FIG. 1 depicts a schematic diagram of a preferred embodiment of a microprocessor 90, including a DMA engine 180, external memory 170, data memory 100, cache memory 190, instruction memory 110, general purpose registers (GPRs) 120, special purpose registers (SPRs) 140, general purpose matrix registers (GPMRs) 130, matrix operands 155 and 165, SIMD computation unit 160, scalar result register 135, matrix result register 195, scalar operands 145 and 175, SISD computation unit 150, and scalar result register 185. The microprocessor 90 of the present invention may be utilized as a special purpose processor for image or video processing and coding. In particular, the microprocessor 90 of the present invention may be utilized in mobile devices with low power consumption requirement.
The DMA engine 180, as known to artisans of ordinary skill, controls data transfers without subjecting the central processing unit (CPU) to heavy overhead. In particular, the DMA engine 180 of the present invention operates to manage data transfers between logical planes and memory space in such a way as to further reduce the overhead by responding to pairs of block indices associated with one or more blocks of data. According to one embodiment, the data blocks represent a single frame of a video sequence or a part thereof.
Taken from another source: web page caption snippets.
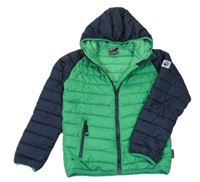 Zeleno-tmavomodrá šusťáková prošívaná zateplená bunda s kapucí Jack Wolfskin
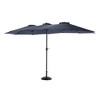 Gulches 14.8 Ft Double Sided Outdoor Umbrella Rectangular Large with Crank ( Navy blue ) - 4 of 4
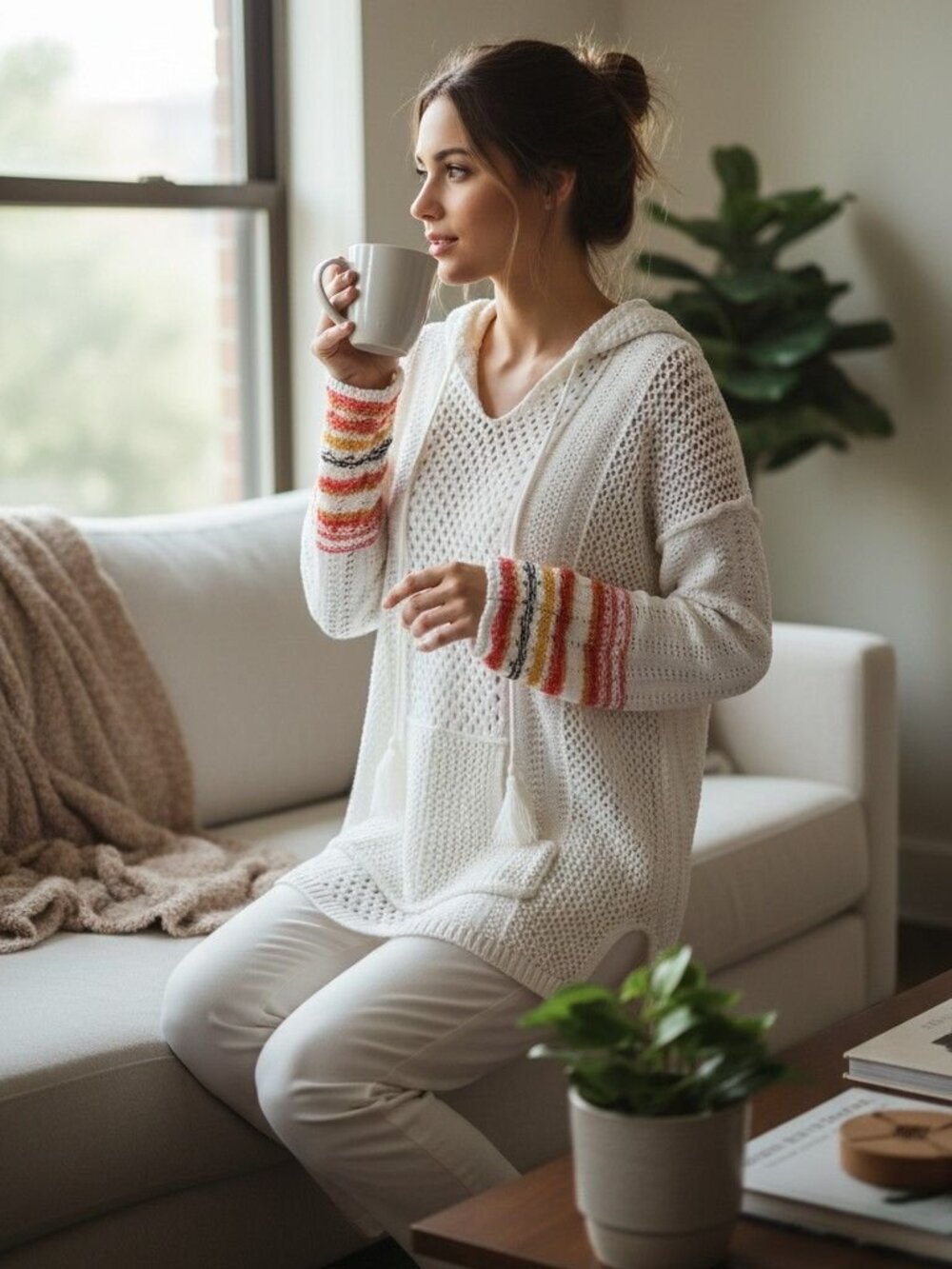 BKE Boho Crochet White Hoodie Sweater Multi-Color Striped Cuffs Indie Festival C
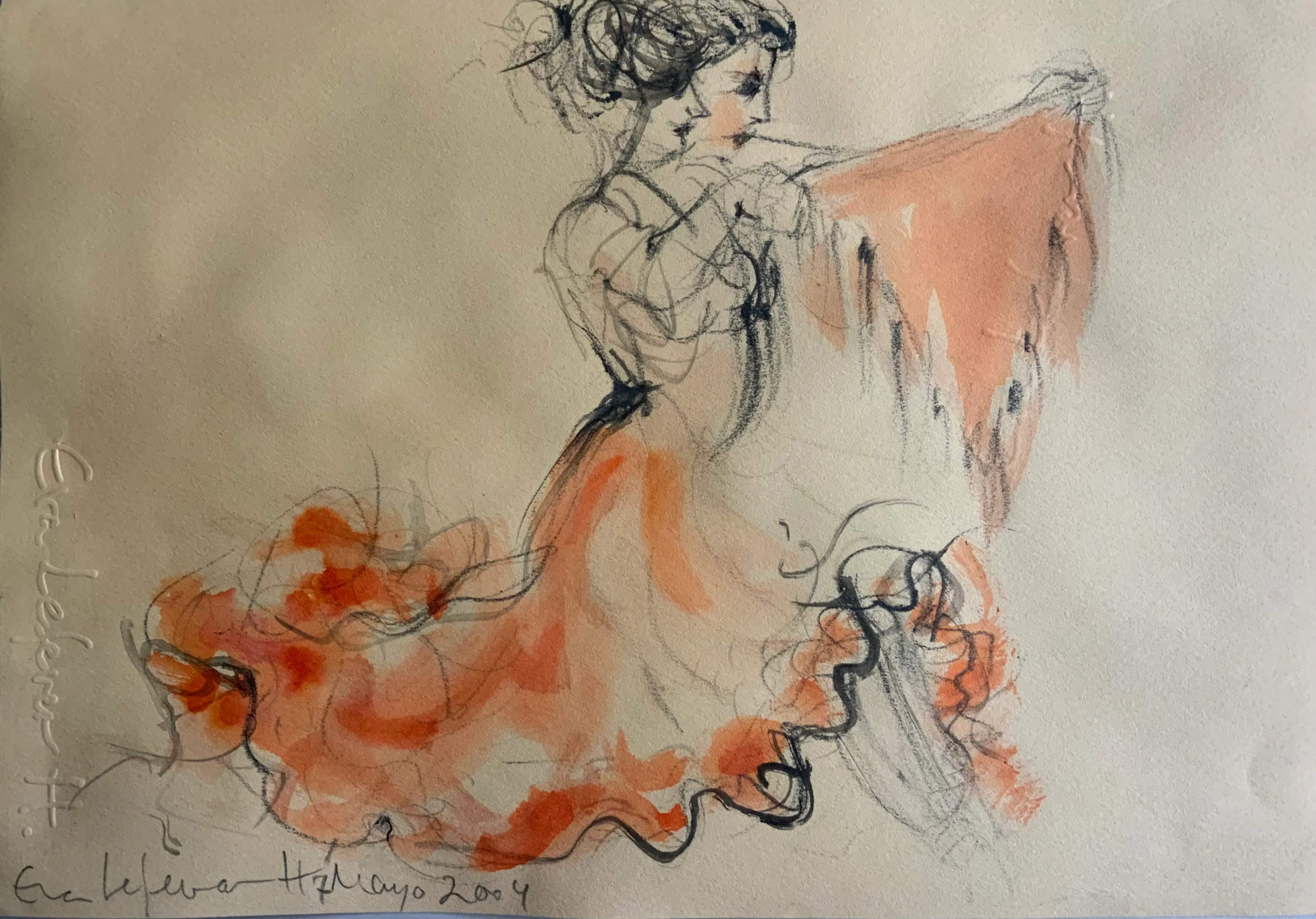 Obra "Bailaora con vestido y pañuelo en bermellón" de Eva Lefever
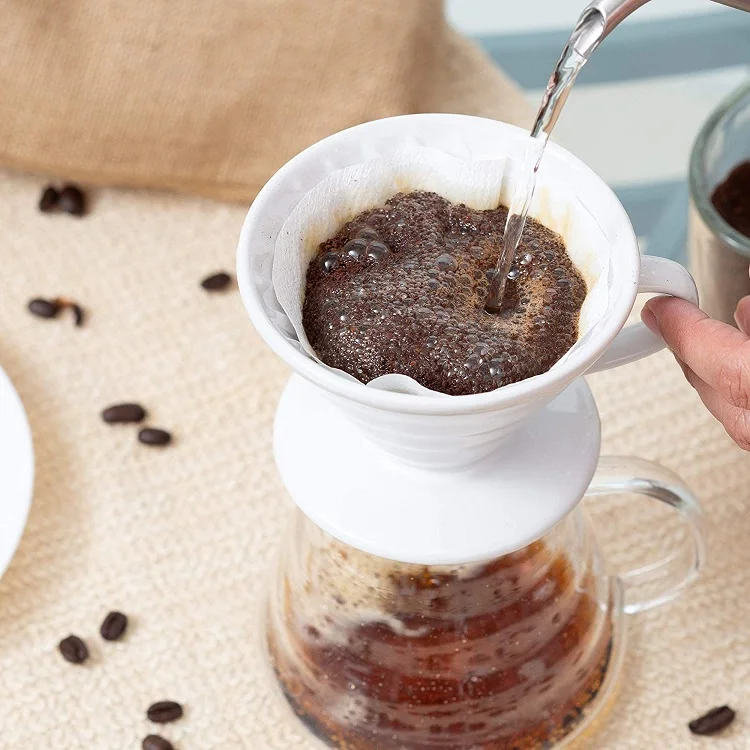 Coffee dripper ceramic cups pour over filter set coffee dripper pink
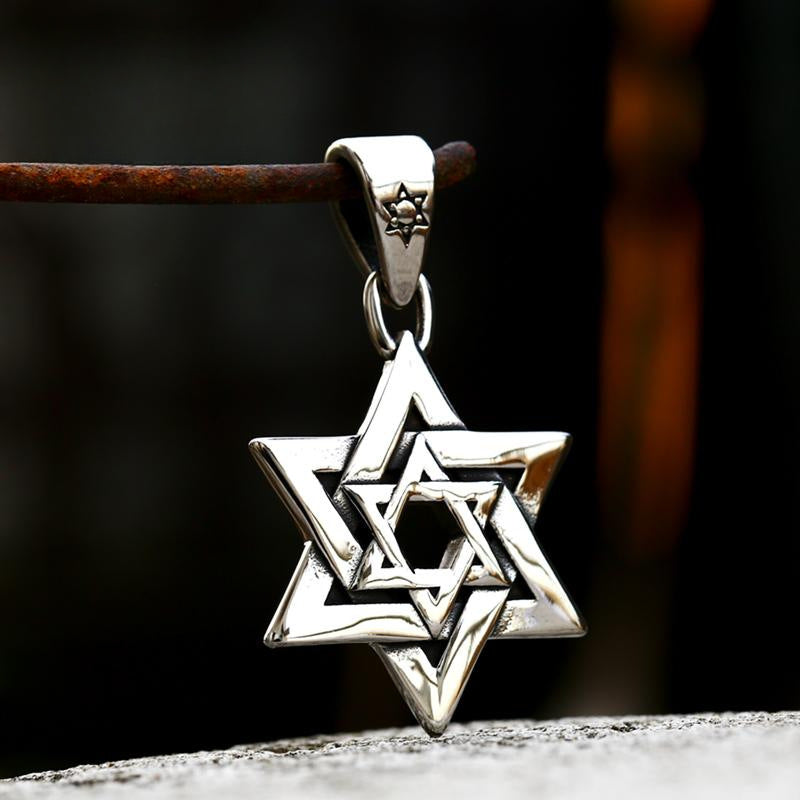 Wholesale Retro Stainless Steel Hexagram Pendant for Men - European and American Fashion Titanium Steel Jewelry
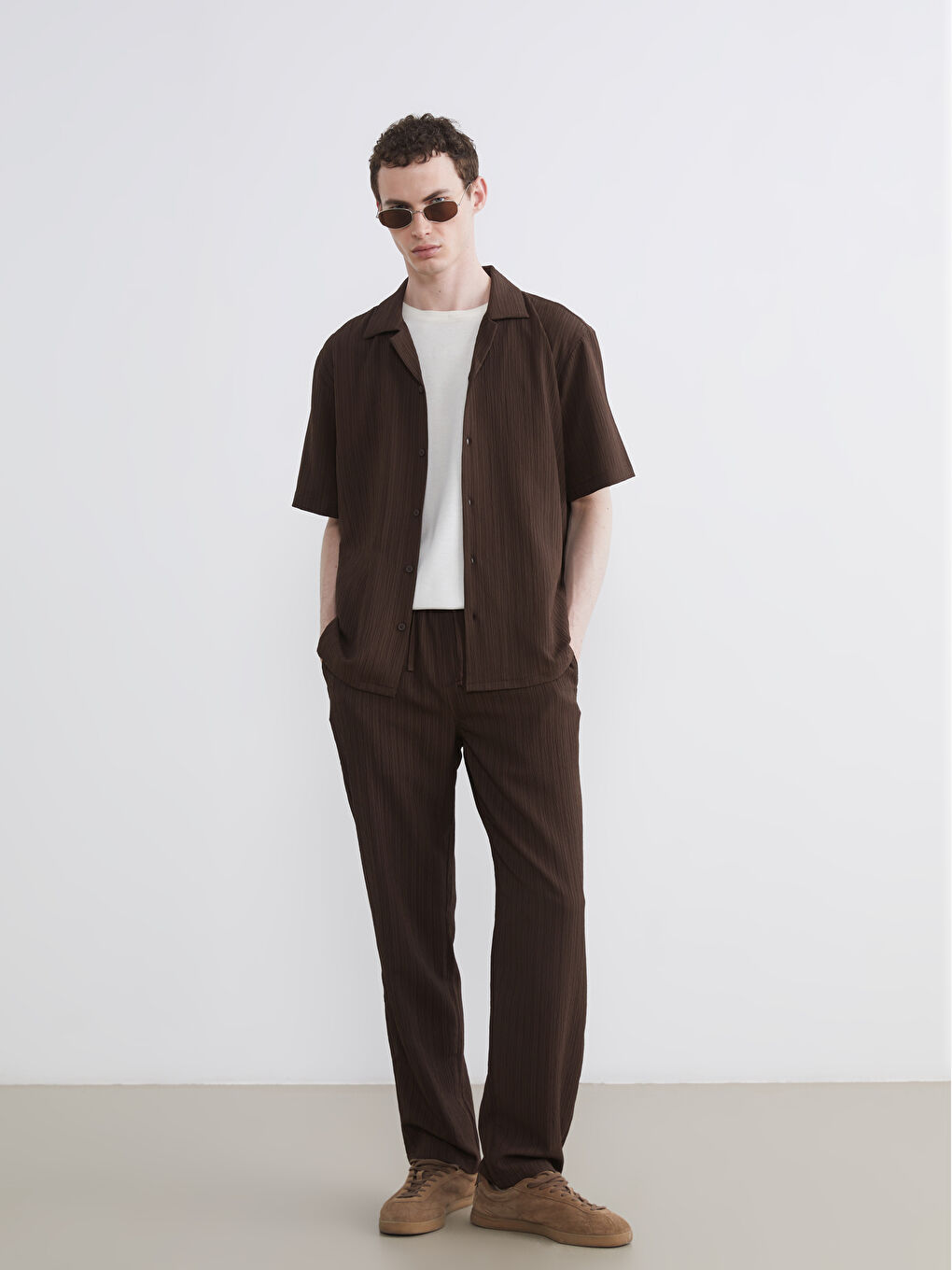 Kahverengi Baggy Fit Erkek Pantolon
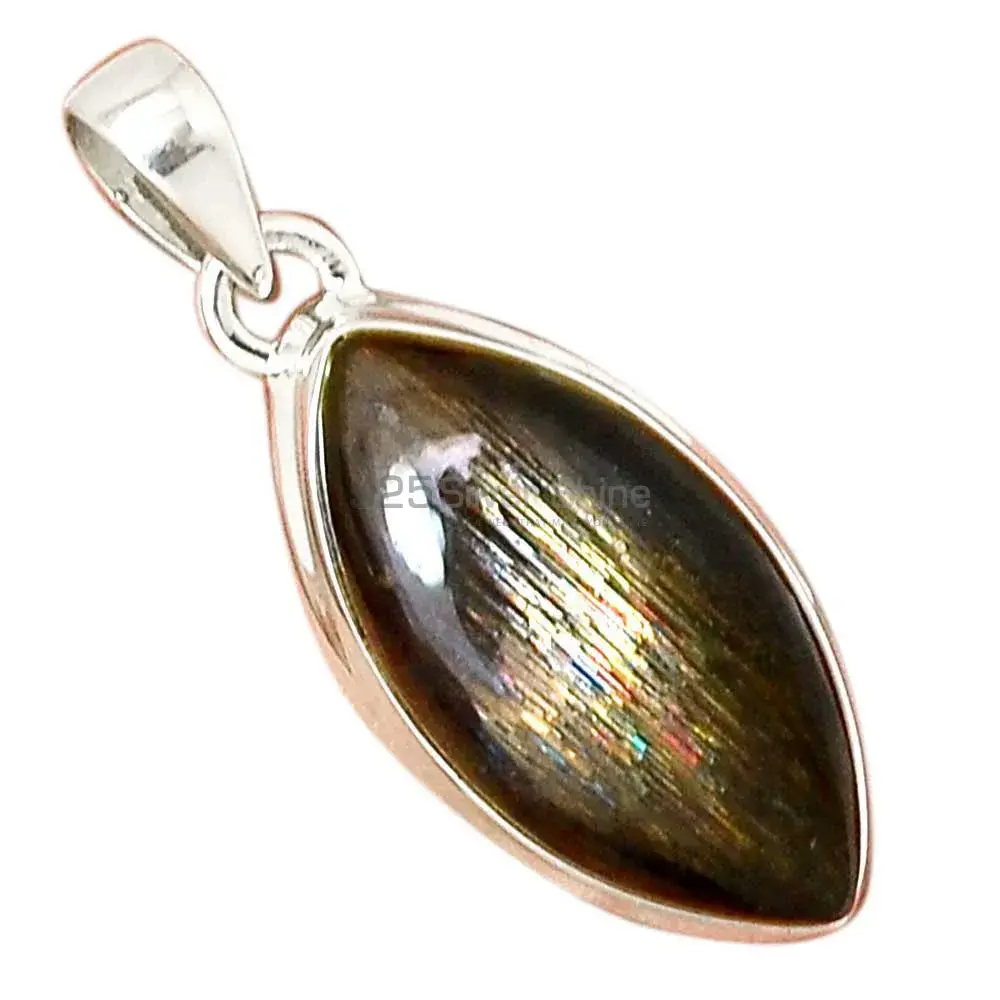 925 Solid Silver Pendants In Silver Sheen Obsidian Gemstone Jewelry 925SP164_11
For instance, in block motion compensation, known to artisans of ordinary skill, every frame of a video is partitioned into blocks of pixels. As an illustrative example, consider the MPEG standard. Every frame is partitioned into macroblocks of 16×16 pixels. Each one of these blocks is predicted from a block of equal size in a reference frame. Each such block is shifted to a new position of the predicted block which is represented by a motion vector. Accordingly, extensive data transfers occur within the memory space of the processor. The DMA engine 180 of the microprocessor 90 of the present invention dramatically reduces the number of operations that would otherwise be required by conventional microprocessors to handle such data transfers.
According to a preferred embodiment, the DMA engine 180 of the present invention operates on blocks of 4×4 pixels, each such block is identified by a pair of block indices which will be explained in more detail in relation to FIG. 3. As such, the DMA engine 180 provides a special operational mode that extends the concept and functionality of conventional 1D memory access to more efficient and natural 2D access for two-dimensional data processing. Although, the operation of the microprocessor 90 and specifically the DMA engine 180 has been described using 2D data fields, the concept is readily extended to n-dimensional data fields and specifically n-dimensional blocks of data.

Memory and Registers

The external memory 170 of the microprocessor 90 of the present invention may be any memory space used to store data and/or instructions. In particular, the external memory 170 may be a mass storage device such as a flash memory, an external hard disc, or a removable media drive such as a CD-RW or DVD-RW drive. According to a preferred embodiment, the external memory 170 is of a type that stores data which may be accessed via a memory access instruction or the DMA engine 180.
The data memory 100 and instruction memory 110 may be any memory space. According to a preferred embodiment, the data memory 100 and instruction memory 110 are of the primary storage type such as ROM or RAM, known to artisans of ordinary skill. In one instance, the data memory 100 and instruction memory 110 are physically separated in the microprocessor 90 of the present invention. The instruction memory 110 may be loaded with the program to be executed by the microprocessor 90, in the form of a group of ordered instructions. On the other hand, the data memory 100 and the external memory 170 may be loaded with data needed by the program, both of which may be accessed and modified by using either memory access instructions or the DMA engine.
Three sets of registers are provided in the microprocessor 90 of the present invention. According to a preferred embodiment, a set of sixteen 32-bit general purpose registers (GPRs) 120 is available which may be utilized for scalar operations by the SISD computation unit 150 via scalar operands 145 and 175, and result register 185, and further by the result register 135 associated with the SIMD computation unit 160. A set of eight 4×4 general purpose matrix registers (GPMRs) 130 is available which may be utilized for matrix operations by the SIMD computation unit 160 via matrix operands 155 and 165, and result register 195. These set of registers 120 and 130 may be utilized in various forms by different instructions stored in the microprocessor 90. Their values may be changed by the execution of instructions which use them as result registers such as the result registers 135, 185, and 195. This includes the memory access instructions, which may be used to load the registers 135, 185, and 195 with data that is stored in the external memory 170 and data memory 100. A set of 32-bit special purpose registers (SPRs) 140 is used to hold the status of the microprocessor 90. Among others, the set of special purpose registers 140 may include a program counter register and a status register, known to artisans of ordinary skill. The program counter register, or PC, holds the address of the instruction being executed, and thus indicates where the microprocessor 90 is within its instructions sequence. On the other hand, the status register, as its name indicates, holds the current hardware status, including the zero, carry, overflow and negative flags.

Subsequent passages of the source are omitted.